Short text fragments from websites:
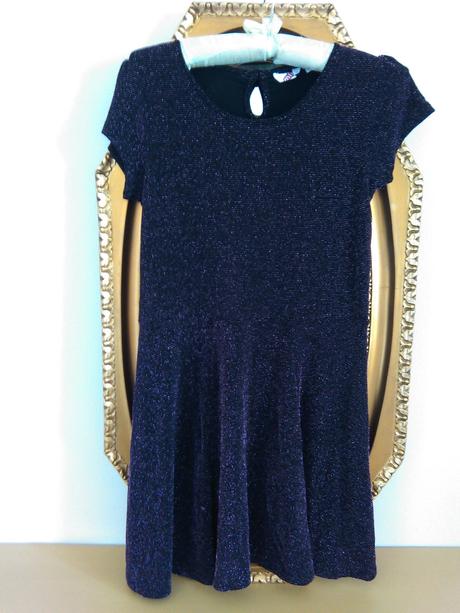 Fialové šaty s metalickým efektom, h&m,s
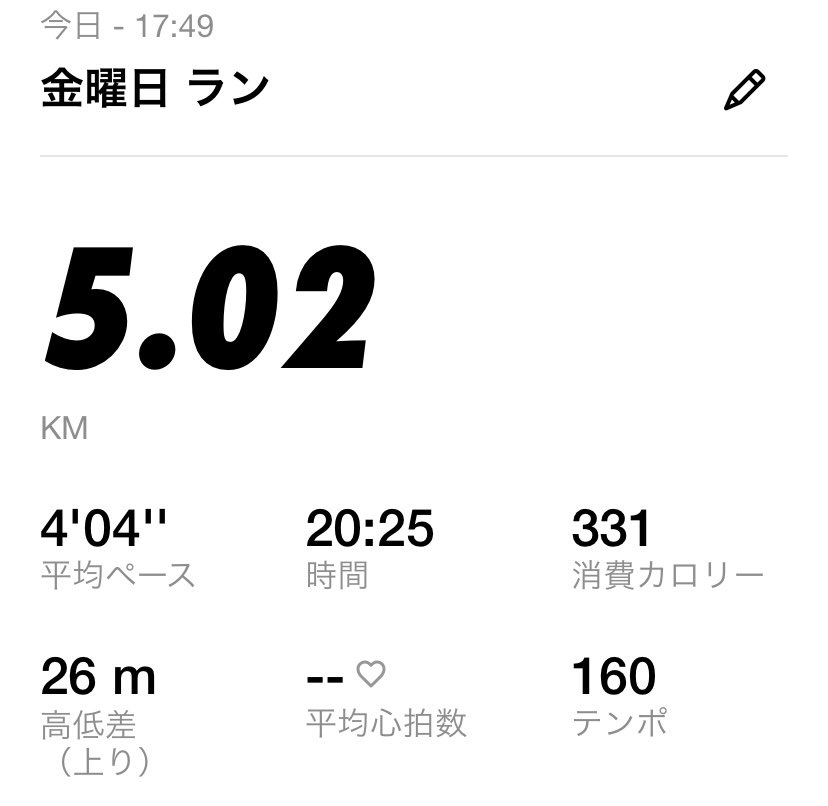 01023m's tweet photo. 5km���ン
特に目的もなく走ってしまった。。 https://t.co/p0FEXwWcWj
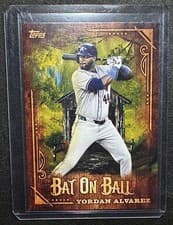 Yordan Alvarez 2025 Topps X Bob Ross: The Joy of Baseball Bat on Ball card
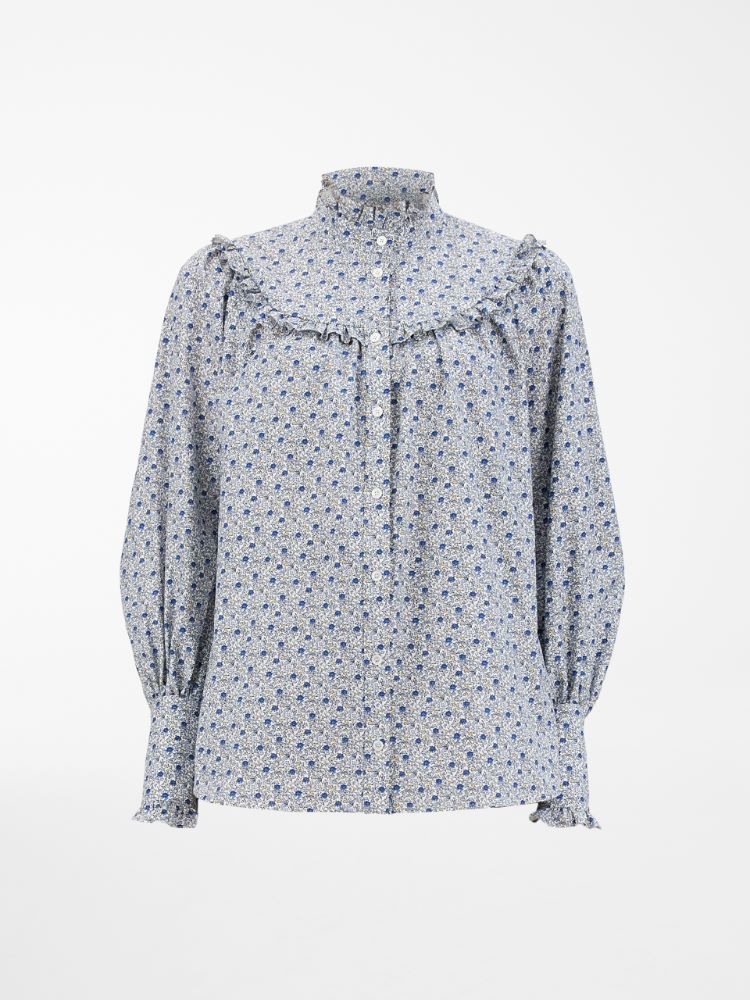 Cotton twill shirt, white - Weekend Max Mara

» **The task**: Word for word, copy the lines from the one with "特に目的もなく走ってしまった。。 https://t.co/p0FEXwWcWj" through the end of the entries above, and do not include any picture.

» **Written solution**:
特に目的もなく走ってしまった。。 https://t.co/p0FEXwWcWj
 Yordan Alvarez 2025 Topps X Bob Ross: The Joy of Baseball Bat on Ball card
 Cotton twill shirt, white - Weekend Max Mara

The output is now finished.